Lukas
Lukas

Reputation: 335

How to remove Kubernetes 'shutdown' pods

I recently noticed a big accumulation of pods with status 'Shutdown'. We have been using Kubernetes since October, 2020.

Production and staging is running on the same nodes except that staging uses preemtible nodes to cut the cost. The containers are also stable in staging. (Failures occur rarely as they are caught in testing before).

Service provider Google Cloud Kubernetes.

I familiarized myself with the docs and tried searching however neither I recognize neither google helps with this particular status. There are no errors in the logs.

example of bunch of shutdown pods pod description only says failed

I have no problem pods being stopped. Ideally I'd like K8s to automatically delete these shutdown pods. If I run kubectl delete po redis-7b86cdccf9-zl6k9, it goes away in a blink.

kubectl get pods | grep Shutdown | awk '{print $1}' | xargs kubectl delete pod is manual temporary workaround.

PS. k is an alias to kubectl in my environment.

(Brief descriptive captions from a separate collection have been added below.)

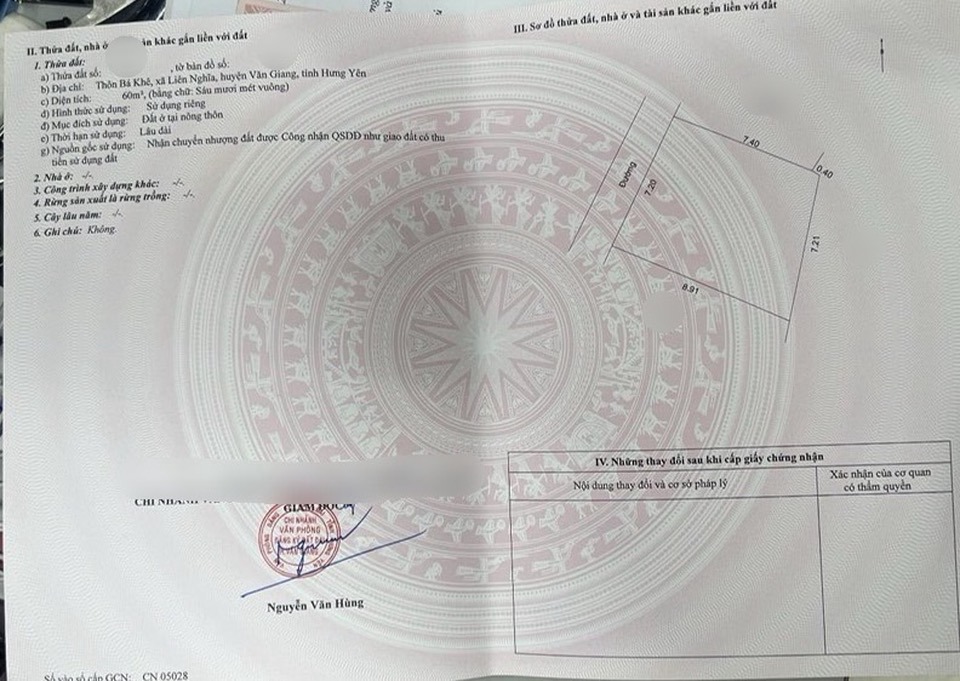 Đất nền Liên Nghĩa Văn Giang 60m² - Mặt tiền rộng 7,2m, ô tô vào tận nơi!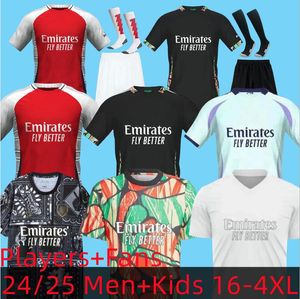 16-4xl 24 25 Saka Arsen Soccer Jerseys Smith Rowe G.Jesus Saliba Fãs Jogador Versão odegaard Martinelli 23 24 Nketiah Kits de futebol Camisa masculina garotos dos garotos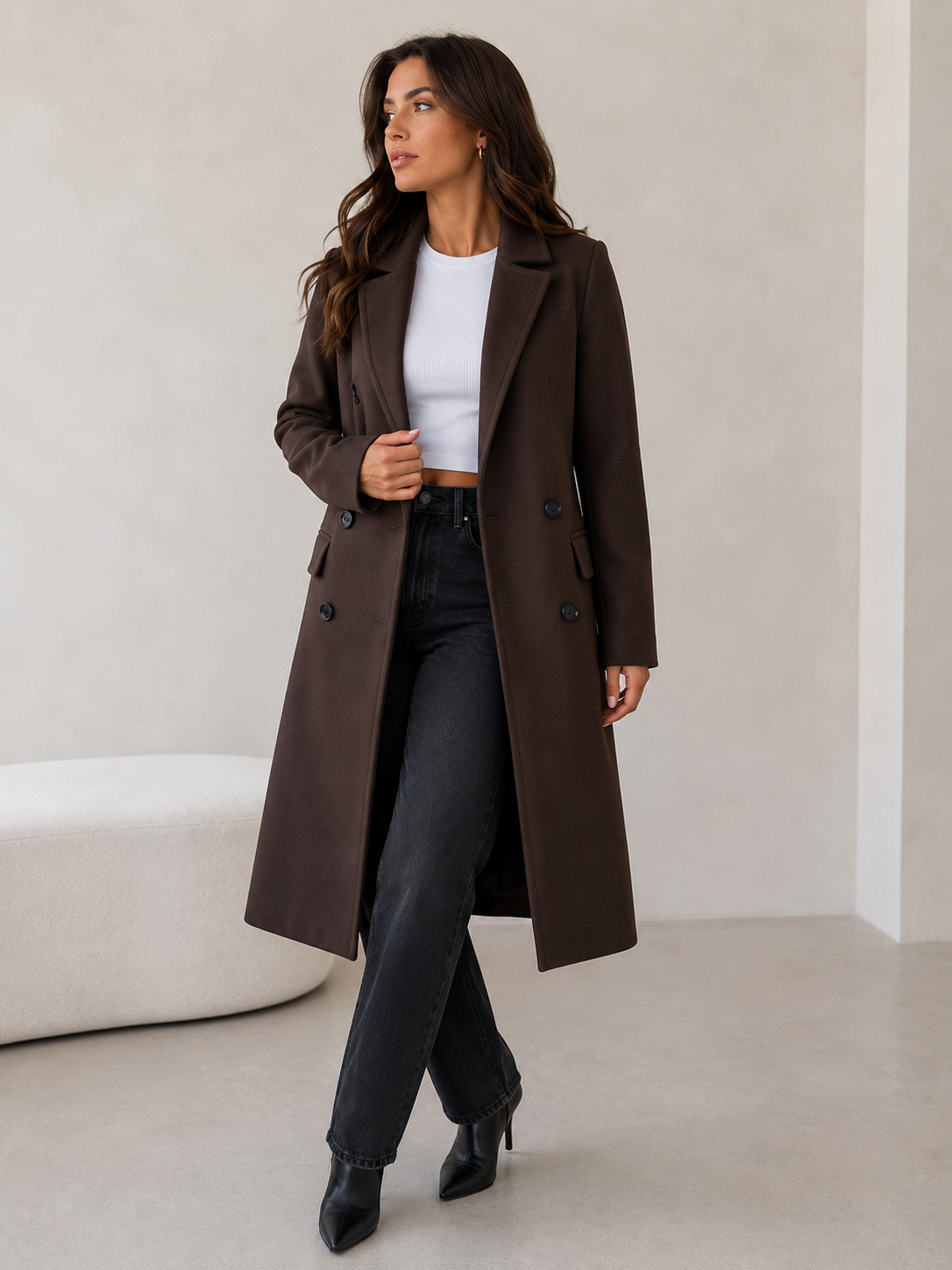Women's long polyester coat with lapel collar and front button closure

Final example: it happens across all namespaces // different containers. enter image description here

I stumbled upon few related issues explaining the status https://github.com/kubernetes/website/pull/28235 https://github.com/kubernetes/kubernetes/issues/102820

"When pods were evicted during the graceful node shutdown, they are marked as failed. Running kubectl get pods shows the status of the the evicted pods as Shutdown."

Upvotes: 13

Views: 9928

Answers (9)

user3008410
user3008410

Reputation: 848

This is how I do it. Hope it helps someone. Run the code below on one line without the comments. Take out what you don't need or add to help someone else.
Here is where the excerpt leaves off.